[[ Provided data open ]]

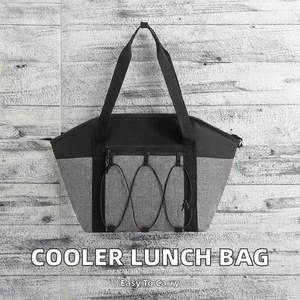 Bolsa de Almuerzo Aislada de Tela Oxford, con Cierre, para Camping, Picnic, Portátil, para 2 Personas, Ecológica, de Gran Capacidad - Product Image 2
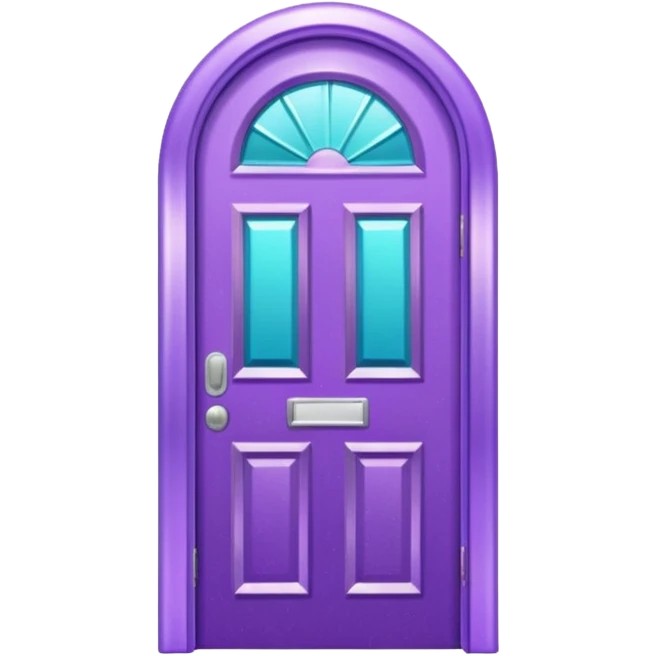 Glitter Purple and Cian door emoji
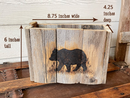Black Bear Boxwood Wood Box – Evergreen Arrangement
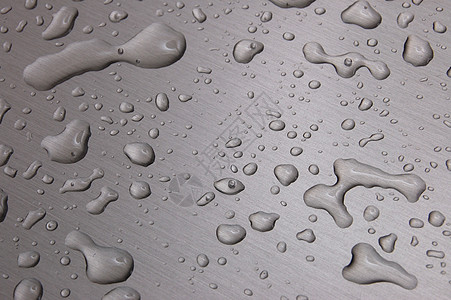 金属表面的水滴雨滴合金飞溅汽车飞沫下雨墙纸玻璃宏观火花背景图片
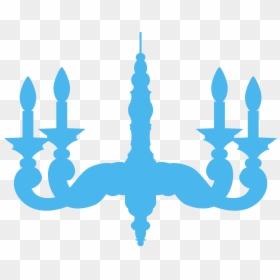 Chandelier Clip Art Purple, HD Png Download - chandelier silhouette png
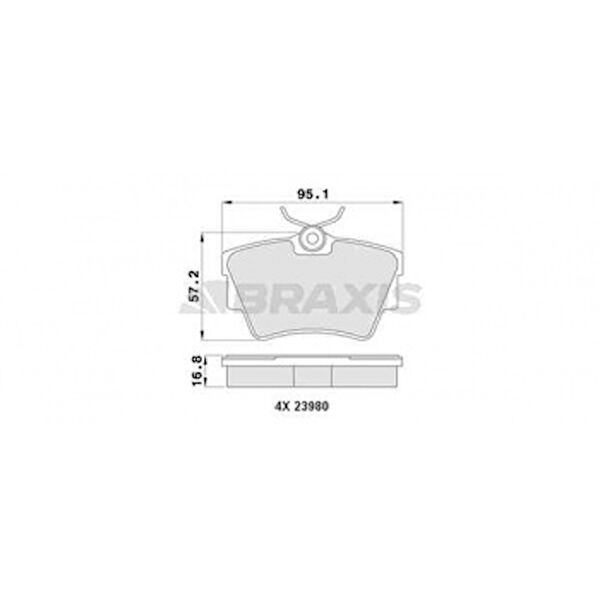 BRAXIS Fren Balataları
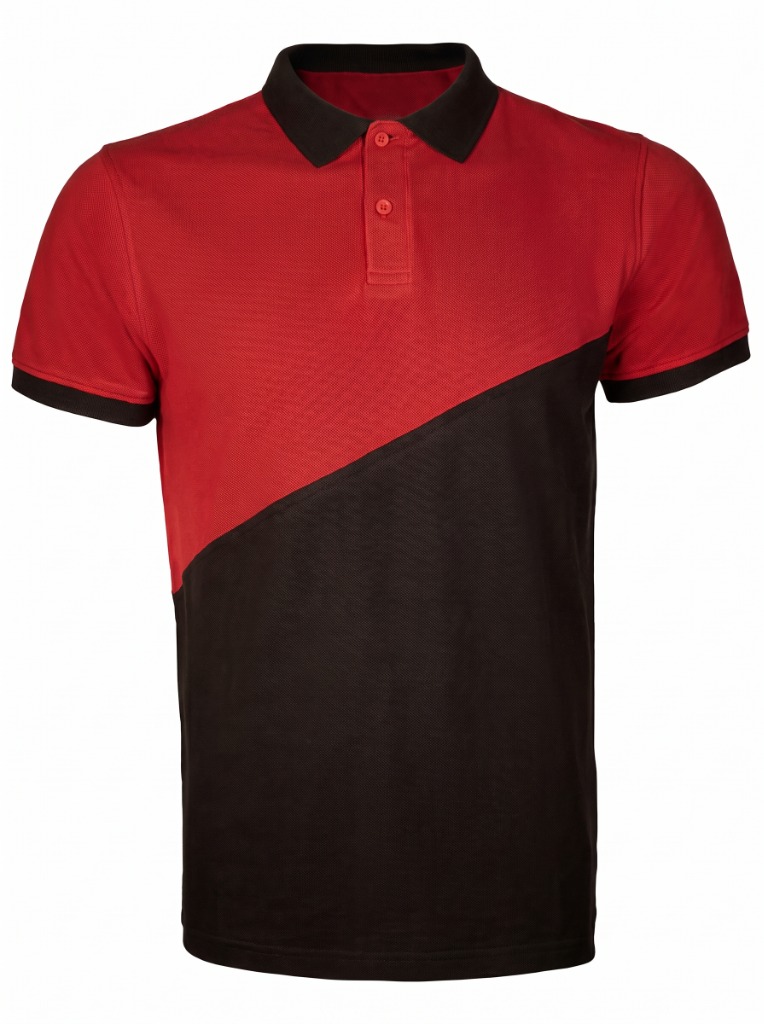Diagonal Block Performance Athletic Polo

[[ Provided data closed ]]

*Problem to work on:* Your answer must be an exact copy of the records above, with every picture left out.

*Task solution:*
 Bolsa de Almuerzo Aislada de Tela Oxford, con Cierre, para Camping, Picnic, Portátil, para 2 Personas, Ecológica, de Gran Capacidad - Product Image 2
 Glitter Purple and Cian door emoji
Black Bear Boxwood Wood Box – Evergreen Arrangement
 金属表面的水滴雨滴合金飞溅汽车飞沫下雨墙纸玻璃宏观火花背景图片
 Chandelier Clip Art Purple, HD Png Download - chandelier silhouette png
 BRAXIS Fren Balataları
Diagonal Block Performance Athletic Polo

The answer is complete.